In reality, the defensive line is best suited for a changing of the guard at Florida State, which has recruited and developed the position as well as any program in the country the last five years. Eddie Goldman is a former five-star recruit and could be dominant in 2014. Former No. 1 high school prospect Mario Edwards Jr. flashed brilliance in the VIZIO BCS National Championship Game, and defensive end DeMarcus Walker could be the unit’s best player by November. Defensive tackles Nile Lawrence-Stample, Keith Bryant and Justin Shanks were all elite high school recruits, and Lawrence-Stample started six games in 2013.

With a new coordinator and handful of new starters in Tallahassee, growing pains could see the Noles slide down the defensive rankings -- albeit not very far. And with the new talent being infused into each level of the defense, this 2014 unit could raise the bar. Whichever way it goes, it won’t be traced back to Jernigan opting for the NFL.

David Hale says there should be concerns about life after Jernigan.

DH: There’s plenty of talent returning on Florida State’s defense in 2014, but for all the big recruits Jimbo Fisher has landed in recent years, it’s nearly impossible to replace someone like Jernigan.

Jernigan’s numbers weren’t eye-popping last season (63 tackles, 11 for a loss, 4.5 sacks) but they only begin to tell the story of his production. In a year in which Florida State completely revamped its defensive front, Jernigan was the foundation. He consistently disrupted the opposition’s backfield, opened holes for Smith up the middle and drew double teams away from Edwards and Christian Jones. For every one play he made on his own, he created three more for his teammates.

And here’s the real concern: Even with Jernigan in the lineup last season, FSU’s rushing defense dipped from third nationally in 2012 to 18th in 2013, and the line accounted for just 16 of Florida State’s 35 sacks.

Part of the struggles came early because of scheme changes from previous years, but personnel played a part, too. For a preview of life without Jernigan in the middle of the line, look no farther than the BCS title game, when a winded Jernigan was sidelined through a significant portion of the fourth quarter. A rejuvenated Auburn running game gashed FSU’s defense, culminating with Tre Mason’s 37-yard TD run that nearly secured the Tigers a national championship.

Edwards Jr. and Eddie Goldman were both former top-10 recruits, so the line isn’t without star power. But neither has carried the load — both in terms of production and leadership — that Jernigan did in 2013. Nile Lawrence-Stample is a veteran option to fill the starting job, but his career totals include just 25 tackles. A host of freshmen arrive in the fall, but following in Jernigan’s footsteps is a lot to ask for any new arrival.
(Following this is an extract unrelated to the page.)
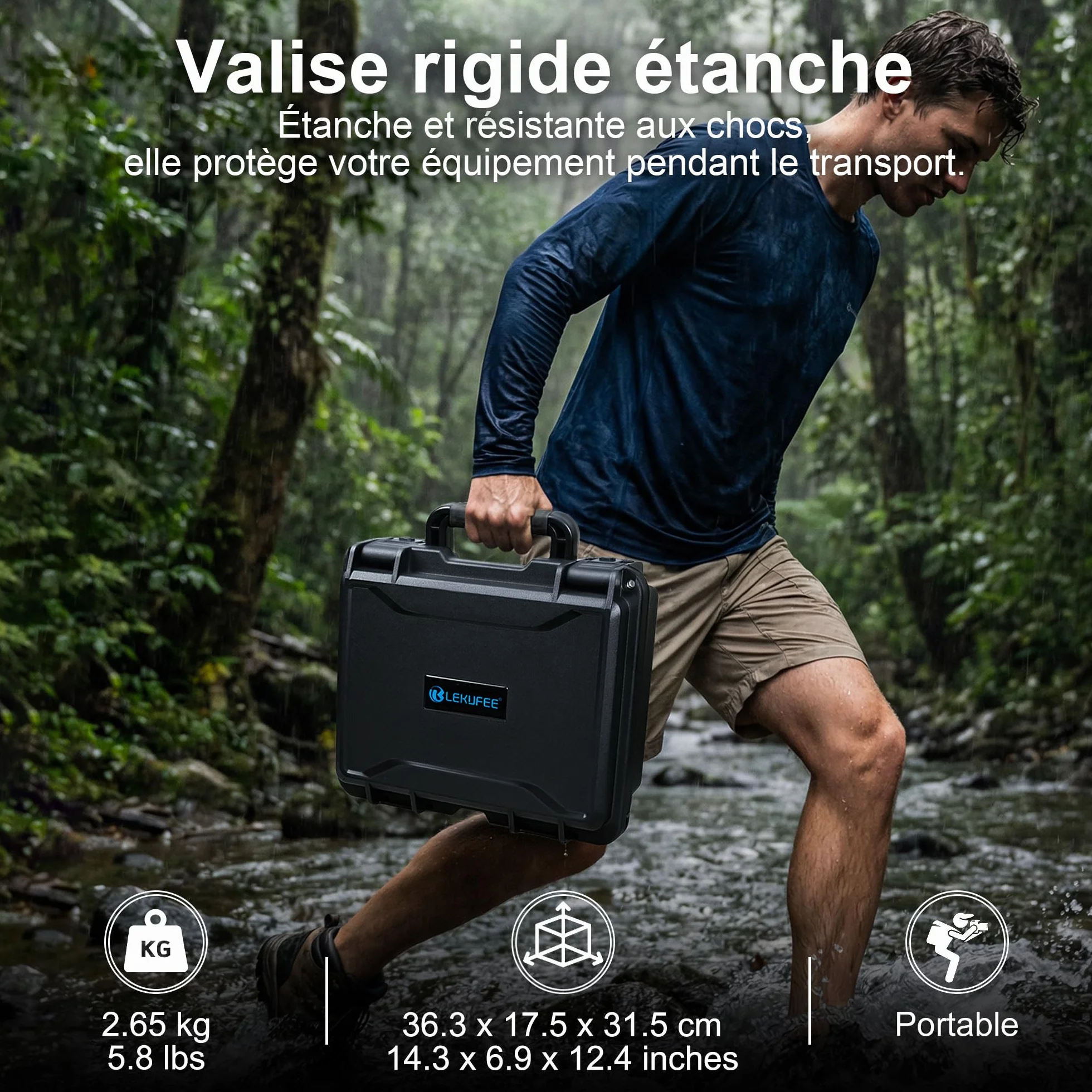 LEKUFEE Valise de Transport Rigide et Étanche pour Drone DJI Neo 2,Bundle Motion Fly More,DJI RC 2, RC N3, Goggles N3/3, RC Motion 3 et Accessoires (étui Uniquement)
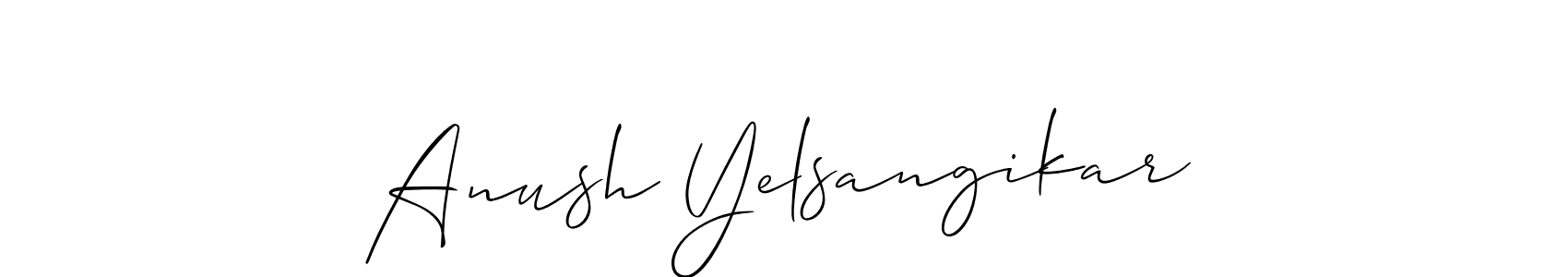 See photos of Anush Yelsangikar official signature by Spectra . Check more albums & portfolios. Read reviews & check more about Allison_Script font. Anush Yelsangikar signature style 2 images and pictures png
Last season, Florida State showed a strong secondary and an inventive scheme can make up for potential shortfalls on the defensive front. But Brooks and Joyner are gone from the defensive backfield now, too, and it remains to be seen if Charles Kelly can match Pruitt’s coaching success.

But of all the departures, it’s Jernigan’s who looms the largest, and until Florida State shows it has a comparable alternative in camp, there’s reason to be concerned about how the Seminoles’ defense will maneuver a much tougher schedule in 2014.